- _BRIEF_:
In the entries below, repeat only the lines between those holding "3rd image of" and "Bej V Yakalı Kadın Atlet - Görsel 3", inclusive. Leave pictures out.

- _LISTED RECORDS_:
___

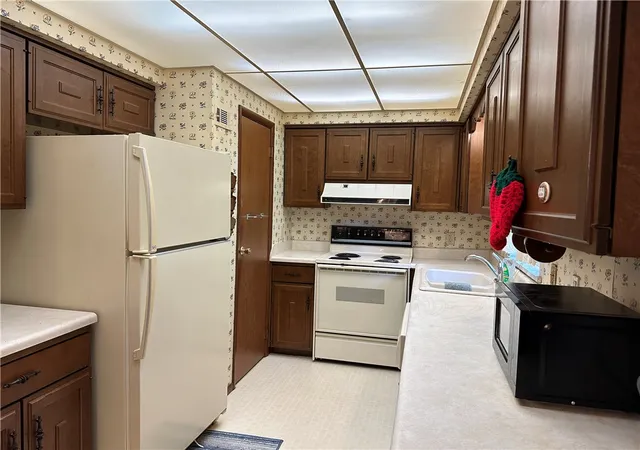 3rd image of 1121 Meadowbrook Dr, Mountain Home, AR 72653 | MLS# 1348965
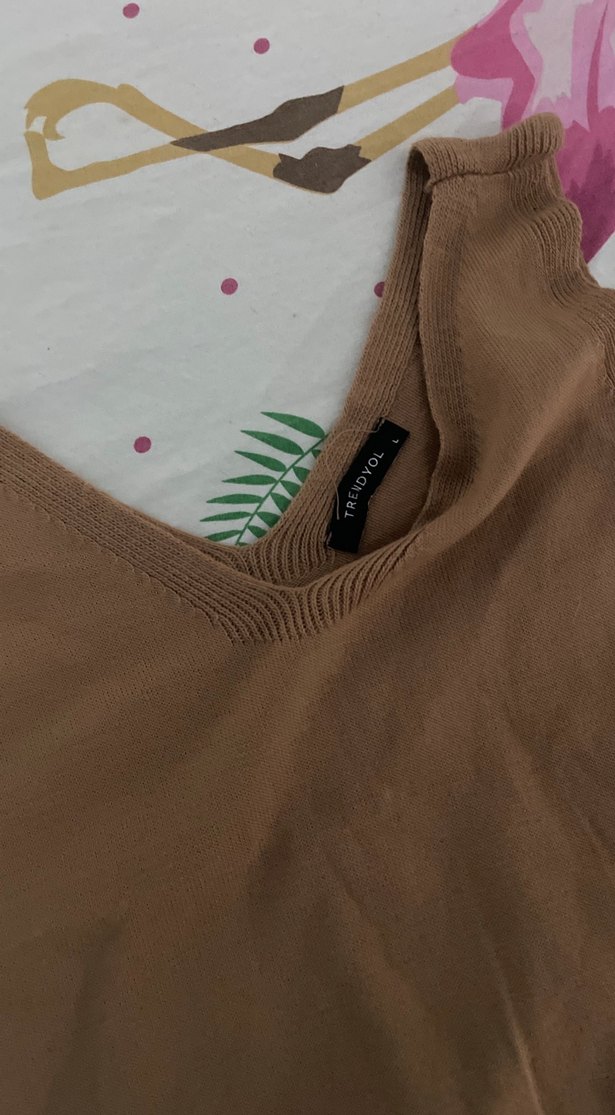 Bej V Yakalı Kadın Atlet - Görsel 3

___

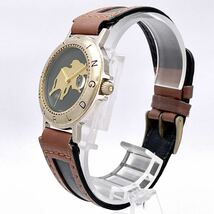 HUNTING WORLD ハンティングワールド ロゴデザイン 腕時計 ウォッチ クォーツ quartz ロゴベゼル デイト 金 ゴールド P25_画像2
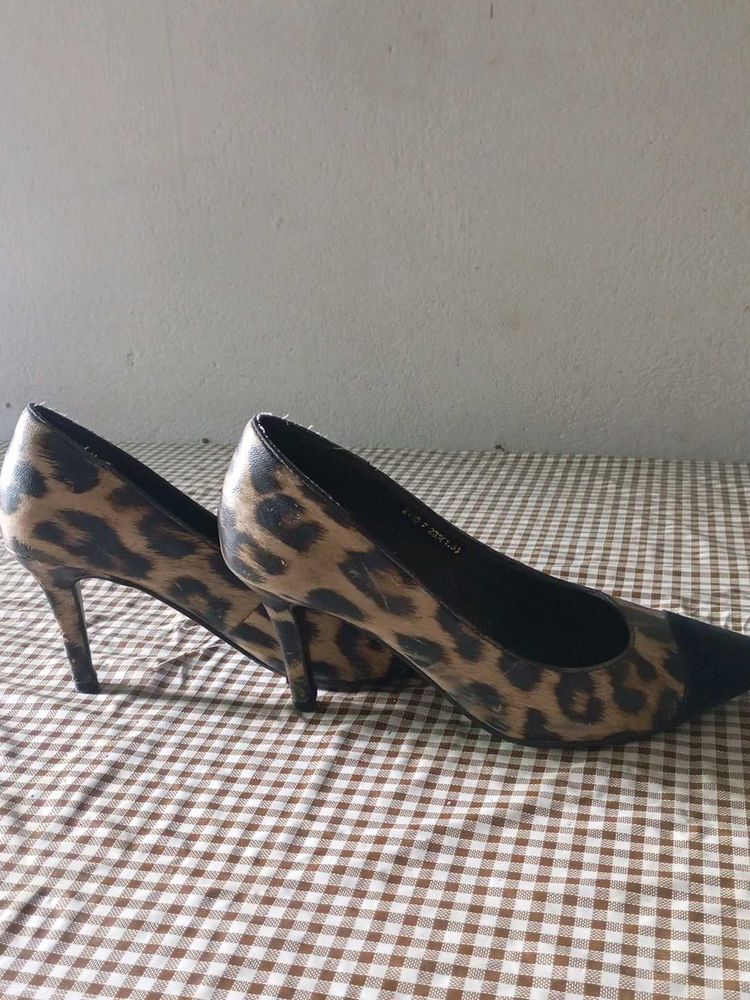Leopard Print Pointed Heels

___

- _YOUR RESPONSE_:
 3rd image of 1121 Meadowbrook Dr, Mountain Home, AR 72653 | MLS# 1348965
 Bej V Yakalı Kadın Atlet - Görsel 3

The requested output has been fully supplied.